Healing has become the core of Jodorowsky’s life. Since the death of his son Teo in 1995, he has practiced as a shamanistic healer and claims to have cured many people with various ailments using a process he calls Psycho-Magic. Now he seems to want to use this practice to heal his own life, through a work of art.

“I made my father become a person. In reality, my father was terrible all his life,” Jodorowsky shakes his head. “I took my book of addresses and threw it away, when I was 23. I went to Paris with $100 dollars in my pocket. I say, my father, my mother — they are monsters. I killed them… Later, I learned you cannot do this. You cannot finish with your parents, you need to order your parents inside you. They are always there.”

El Topo (1970)

Since Jodorowsky hadn’t seen his father since he was 23, I ask if, maybe, he’s combined the character of his father with his own, his father’s life with his. For the first time, Jodorowsky seems taken aback by a question. “Yes. Yes, in the end…” Maybe, he’s uncomfortable that they are in any way compatible constructs, in any way similar people. “Yes and no. Yes and no.” He’s quiet for a moment, contemplating. He’s cast his son as his father; he’s made his father from a part of himself; he and his son have become one and the same.

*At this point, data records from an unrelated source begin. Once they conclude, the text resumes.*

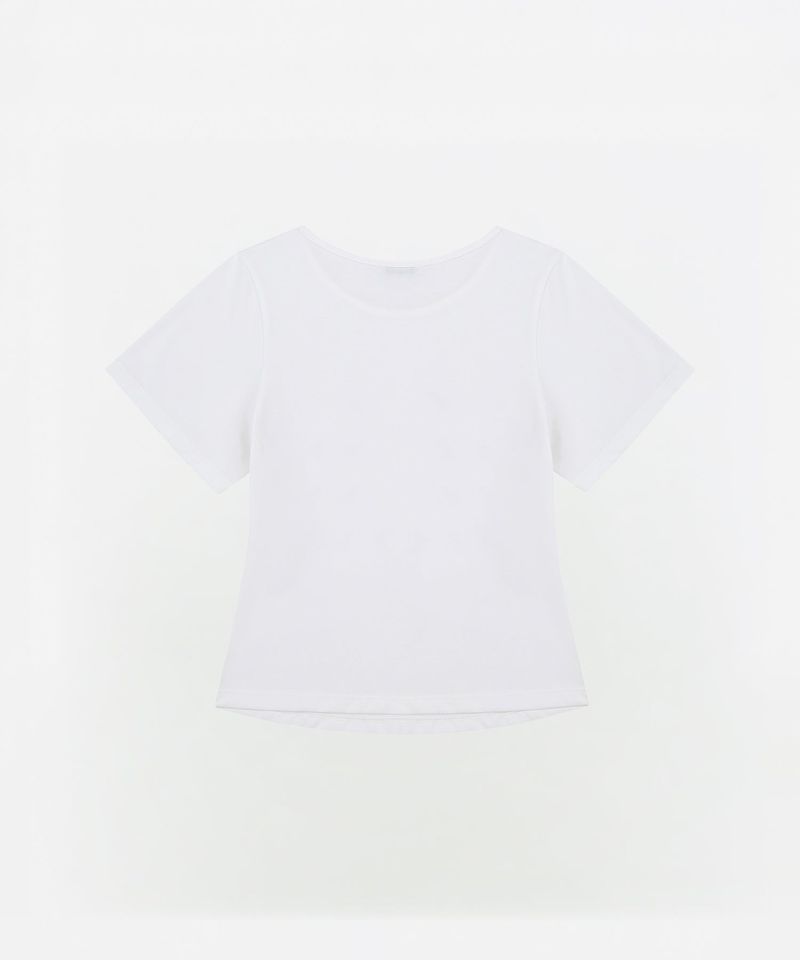 SPARK PRINT SLIM T-SHIRTS [WHITE]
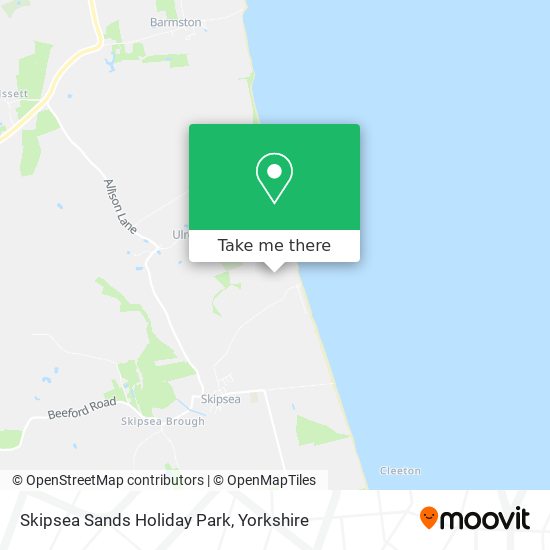 Skipsea Sands Holiday Park map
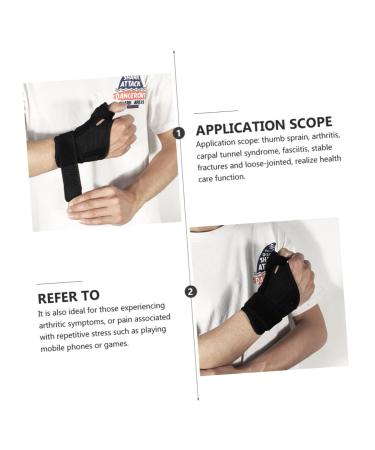 FRCOLOR Wristband Splint Retainer Holder - Thumb Stabilizer & Hand Support - Protective Polyester Herringbone Fitness Strap - Buy Online on GoSupps.com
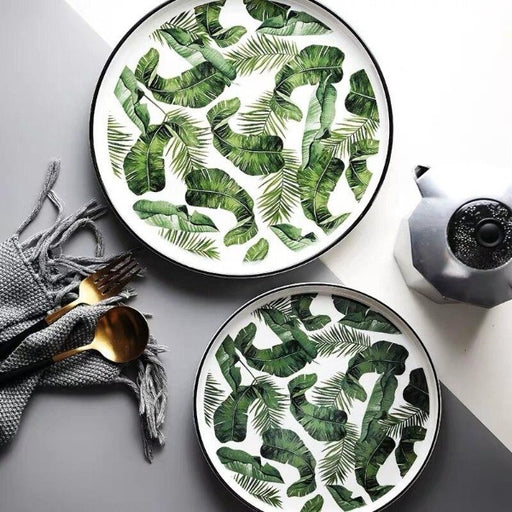 Tropical Print Dinner Plate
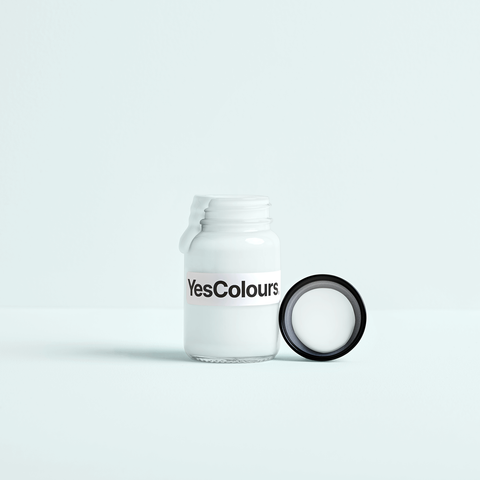 Fresh Cool White paint sample (matt, 60ml)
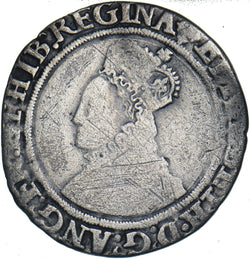 1560-1 Shilling (mm. Cross-Crosslet) - Elizabeth I British Silver Hammered Coin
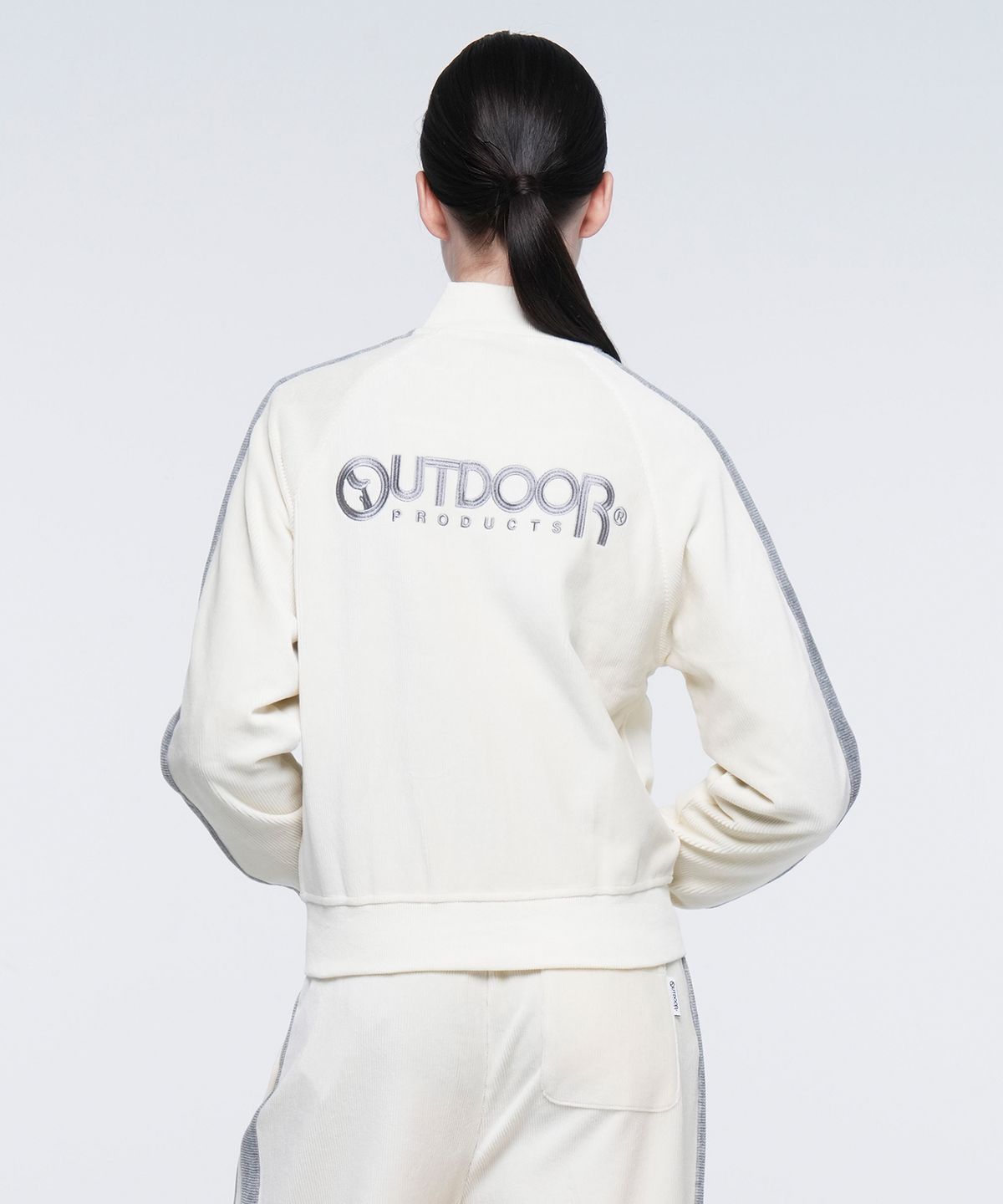 아웃도어 프로덕츠(OUTDOOR PRODUCTS) W CORDUROY TRACK JUMPER (IVORY)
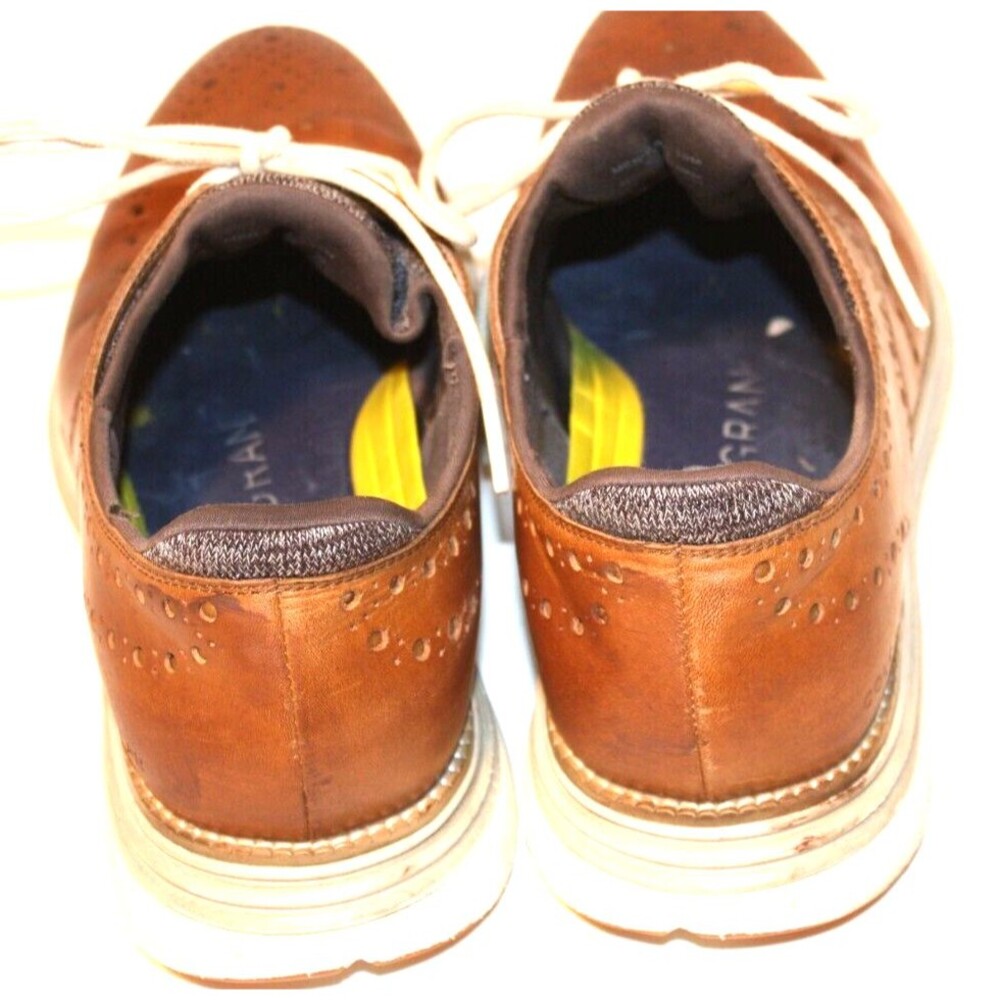 Cole Haan Original Grand Ultra Wingtip Brown Leather Oxfords Men's Sz 10M - Picture 4 of 7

That Oedipal tangle of art and life wasn’t Jodowsky’s only overdue healing. To even make his next film, professional healing would be necessary.

Jodorowsky’s work had never been a particularly easy sell, but in the ’60s, his knowledge of the occult and his experimental style gave him a cultural cache. He had all the answers. He moved in the right circles. One year, his fan Dennis Hopper — “a very good person,” who saw El Topo before it opened in theaters – invited Jodorowsky to a festival in Yugoslavia.

Jodorowsky went along as Hopper’s astrologer. Hopper picked him up in Mexico and stopped in London at occultist/filmmaker Kenneth Anger’s house for drugs.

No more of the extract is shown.